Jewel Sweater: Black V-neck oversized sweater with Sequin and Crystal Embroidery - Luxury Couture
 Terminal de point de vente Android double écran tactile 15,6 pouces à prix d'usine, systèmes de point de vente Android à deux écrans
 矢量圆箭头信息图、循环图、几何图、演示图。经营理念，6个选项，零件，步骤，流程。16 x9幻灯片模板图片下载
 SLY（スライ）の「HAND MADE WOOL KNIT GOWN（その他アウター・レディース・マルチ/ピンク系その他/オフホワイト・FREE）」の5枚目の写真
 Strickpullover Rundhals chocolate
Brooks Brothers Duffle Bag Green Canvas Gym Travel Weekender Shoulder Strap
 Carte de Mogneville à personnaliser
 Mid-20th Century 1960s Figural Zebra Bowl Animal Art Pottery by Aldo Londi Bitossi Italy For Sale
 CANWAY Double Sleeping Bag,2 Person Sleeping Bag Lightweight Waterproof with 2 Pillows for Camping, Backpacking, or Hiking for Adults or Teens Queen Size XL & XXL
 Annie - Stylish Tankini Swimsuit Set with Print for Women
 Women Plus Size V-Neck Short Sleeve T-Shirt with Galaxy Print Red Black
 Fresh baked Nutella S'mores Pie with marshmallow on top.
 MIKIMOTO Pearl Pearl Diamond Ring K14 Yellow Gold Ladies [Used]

## Directions
Only the lines from the one containing "Strickpullover Rundhals chocolate" through the one containing "Annie - Stylish" are to be retyped, both boundary lines included, with no other material.

## Answer to this problem
 Strickpullover Rundhals chocolate
Brooks Brothers Duffle Bag Green Canvas Gym Travel Weekender Shoulder Strap
 Carte de Mogneville à personnaliser
 Mid-20th Century 1960s Figural Zebra Bowl Animal Art Pottery by Aldo Londi Bitossi Italy For Sale
 CANWAY Double Sleeping Bag,2 Person Sleeping Bag Lightweight Waterproof with 2 Pillows for Camping, Backpacking, or Hiking for Adults or Teens Queen Size XL & XXL
 Annie - Stylish Tankini Swimsuit Set with Print for Women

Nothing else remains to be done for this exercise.